Makes 10 servings
The sweet and savory bites of glazed turkey are just the upgrade Thanksgiving dinner needed! Simply omit the walnuts for a nut-free dish, and thicken the pan sauce with a corn starch slurry for a gluten-free option.
- Preheat the oven to 450°F.
- Rub the turkey all over with the butter and season it inside and out with salt and pepper. Place about a quarter of the shallots, garlic, and thyme in the cavity of the turkey. Add the remaining shallots, garlic, and thyme to the pan, set the turkey on top, and roast for 30 minutes. Turn the oven down to 350°F.
- Roast, basting occasionally with the drippings that accumulate in the bottom of the pan, for about 3 hours.
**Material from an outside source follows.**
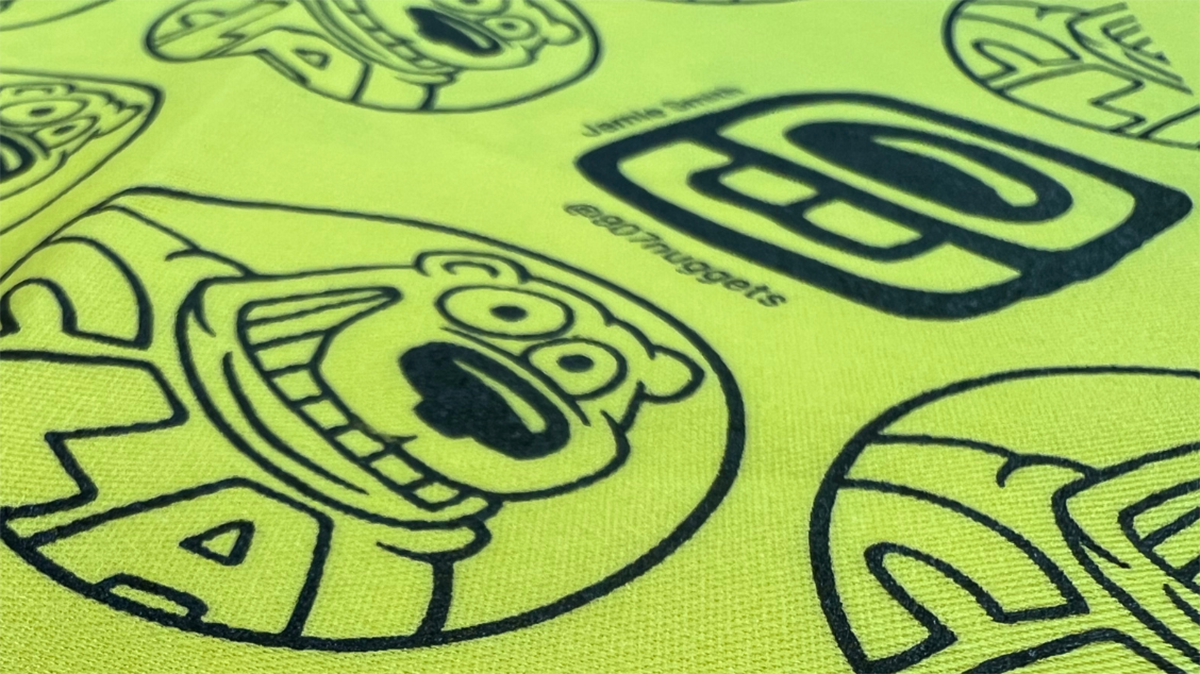 Bright yellow fabric patterned with smiling cartoon bears wearing CLA shirts in circles. UAF image.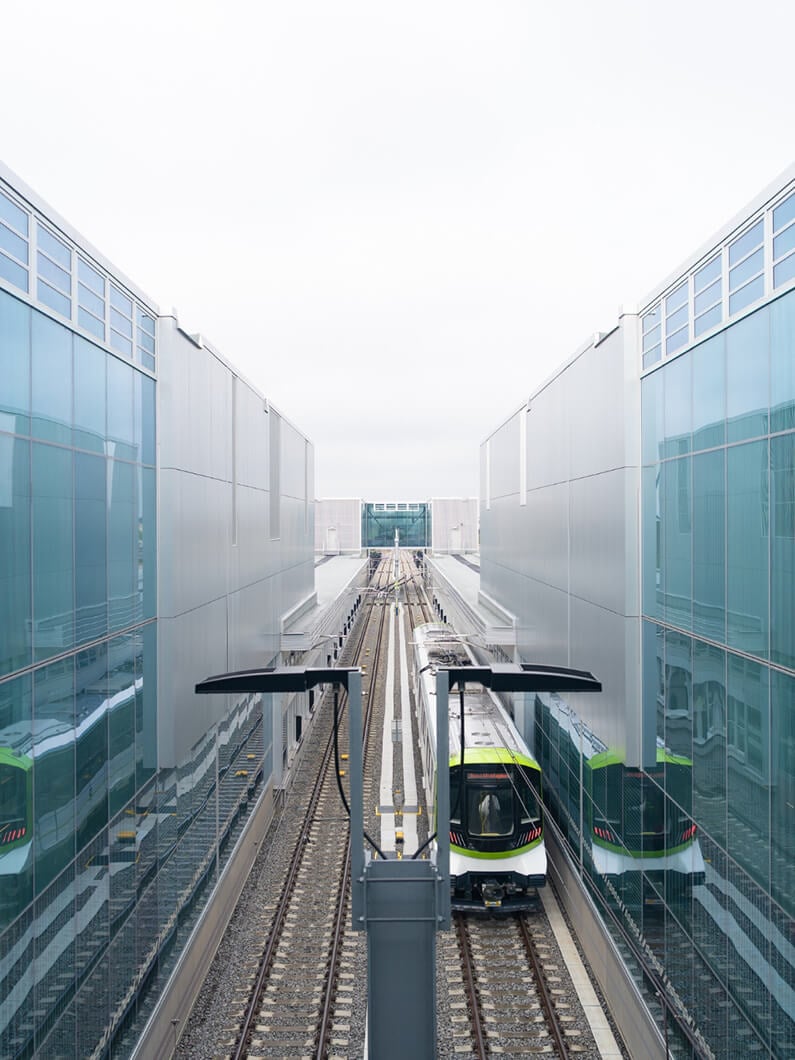 Modern train between glass buildings on tracks, skyward view.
- Meanwhile, make the glaze: In a small bowl, combine the walnuts, maple syrup, and vinegar.
- Add the stock to the roasting pan, brush the turkey with the glaze. and return the turkey to the oven. Continue roasting, brushing the turkey with the glaze every 10 minutes or so, until an instant-read thermometer inserted in the thickest part of the thigh registers 180°F, about one hour more. Transfer the turkey to a platter to rest; reserve the roasting pan.
- In a small saucepan, melt the butter, whisk in the flour, and cook, whisking frequently, over low heat for a minute or 2, until the mixture is lightly golden. Strain the pan juices from the roasting pan into the pan and stir the sauce over medium-heat until it is smooth and slightly thickened. Let it simmer gently for 5 minutes, stirring frequently. Add the vinegar and stir to combine. Season the sauce with salt and pepper to taste.
- Carve the turkey and serve on a heated platter accompanied by the sauce.